One can notice that the proposed system is able to detect failures in various digital filter types, which are implemented with different structures, orders, or fixed-point formats. However, the verification time tends to be higher for high-order filters and long word-length formats, since those lead to harder VCs. In particular, the verification time tends to be higher when checking overflows, in filters that contain a high number of forward and feedback coefficients, as can be seen from test case 9 onward. In addition, timeout events occurred when checking for limit cycles, with digital filters that present long word-length for the fractional part representation (e.g., test case 11). The error verification also leads to high verification times, since it needs to calculate the output twice, that is, for fixed- and floating-point arithmetic formats. Apart from that, time constraints are easily verified, since this procedure consists of only checking the time response of a sequential piece of code.

Another important observation regarding verification times, as noted during tests conducted for validating the proposed methodology, is that failing test cases tend to be quickly checked. The main reason is that the model-checking algorithm stops a verification procedure whenever it finds a counterexample; however, cases where no defect is found tend to have high verification times, or even produce a timeout. In such scenarios, a wide set of non-deterministic inputs is applied, which generates verification conditions that are hard to be checked and makes this procedure very time-consuming. That can be noticed, for instance, on the limit cycle verification procedure for test cases 9, 10, and 11, and also in test case 9, during the overflow check. In the error verification of test case 9, the result indicates a failure for Direct Form I and Direct Form II implementations, in less or equal to 15 s; for the Transposed Direct Form II, the verification gets a time-out, without finding an error beyond the fixed limits. It indicates that it is hard to find an input that produces a high error value for this particular structure, which suggests that such a realization may properly operate most of the time; however, it cannot be guaranteed, since the model checking did not finish.

The timing verification reported failures for all cases with order higher than 2, which present more than 3 forward or feedback coefficients. Actually, considering the modeled structures implemented in C, only filters 1, 3, and 4 meet the time constraint requirements, when running on the specified platform.

### Filter-structure considerations

Although different filter structures lead to the same final filters, as long as the same coefficients are used, the internal computation procedures are completely different. It can be seen, especially in overflow and limit cycle verifications, that a filter may fail or pass according to its implementation structure.
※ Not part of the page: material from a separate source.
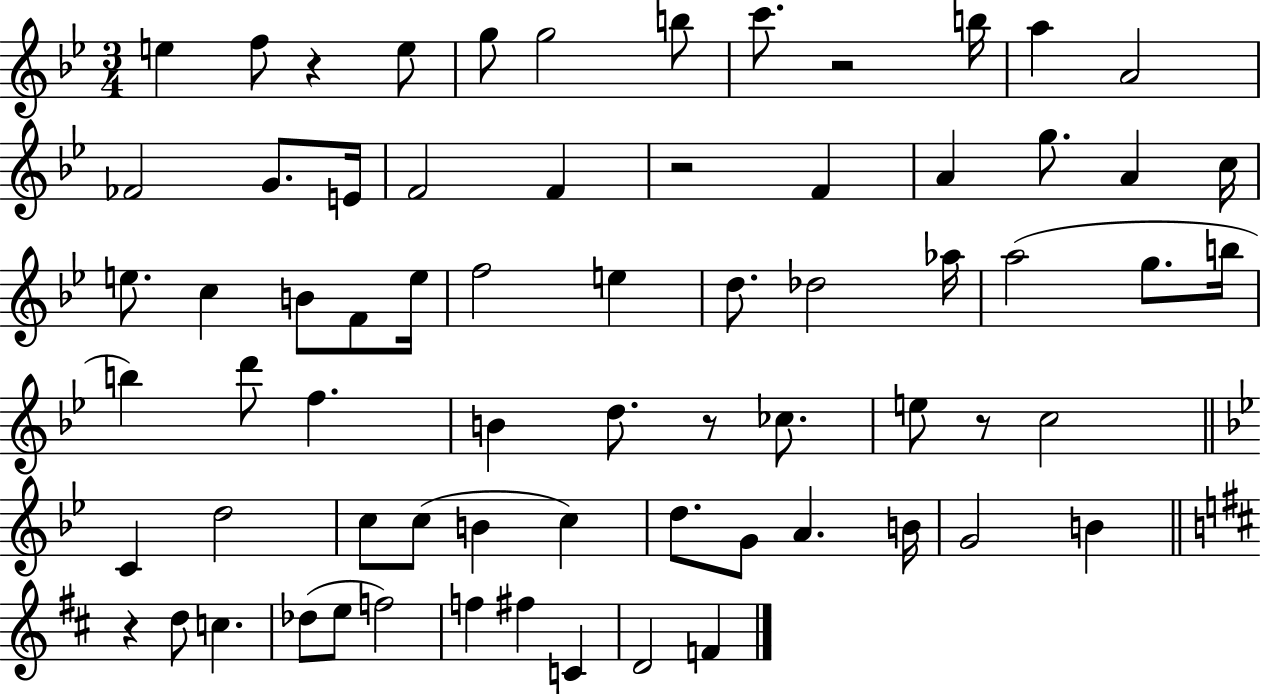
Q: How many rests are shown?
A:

That occurs due to the order of intermediate operations, which changes from one structure to another. The timing constraint verification is also affected by the filter structure, since the number of additions and multiplications are different in each form. For instance, test case 4 should not be implemented using the Transposed Direct Form II, in order to avoid limit-cycle occurrences. Regarding test cases 6 and 7; however, there is no viable option, unless the designer uses some technique (see Section “Finite word-length effects in digital filters”), in order to prevent limit cycles.
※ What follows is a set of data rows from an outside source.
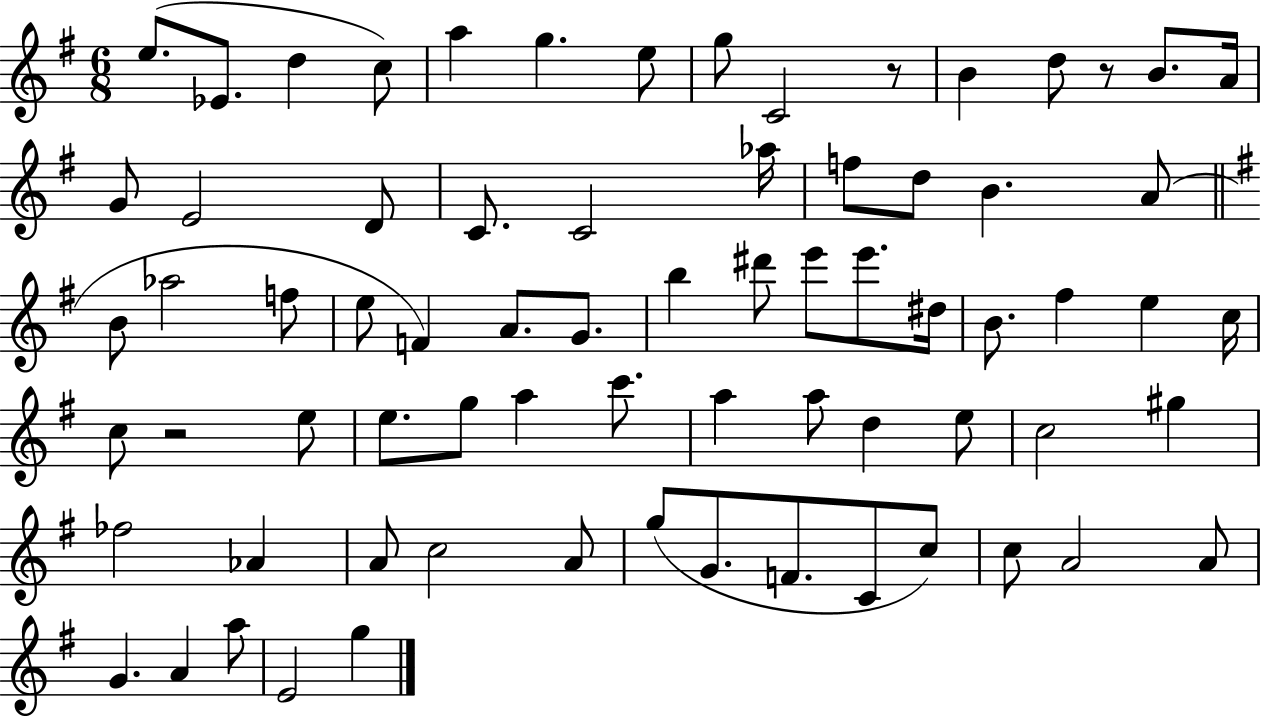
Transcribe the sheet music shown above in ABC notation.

X:1
T:Untitled
M:6/8
L:1/4
K:G
e/2 _E/2 d c/2 a g e/2 g/2 C2 z/2 B d/2 z/2 B/2 A/4 G/2 E2 D/2 C/2 C2 _a/4 f/2 d/2 B A/2 B/2 _a2 f/2 e/2 F A/2 G/2 b ^d'/2 e'/2 e'/2 ^d/4 B/2 ^f e c/4 c/2 z2 e/2 e/2 g/2 a c'/2 a a/2 d e/2 c2 ^g _f2 _A A/2 c2 A/2 g/2 G/2 F/2 C/2 c/2 c/2 A2 A/2 G A a/2 E2 g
For instance, in test case 2, the verification detects overflow failures for the Direct Form I and Direct Form II structures, in addition to a limit cycle failure for the Transposed Direct Form II structure; the remaining properties finished successfully. On this particular case, the designer intending to implement this filter, in Direct Form I or II, would need to use an accumulator with a higher number of bits for the integer part, two’s complement arithmetic, or other technique, when saturation arithmetic is employed, for preventing overflow. When using the Transposed Direct Form II, the designer could modify the overflow mode of the system, in order to perform saturation arithmetic for solving limit cycle oscillations. The techniques to prevent overflow and limit cycle, as referred by Proakis et al. in [2], generally increase noise levels. As a result, after performing such modifications, the designer should necessarily run the verification engine another time, in order to ensure that the output error is within an acceptable margin.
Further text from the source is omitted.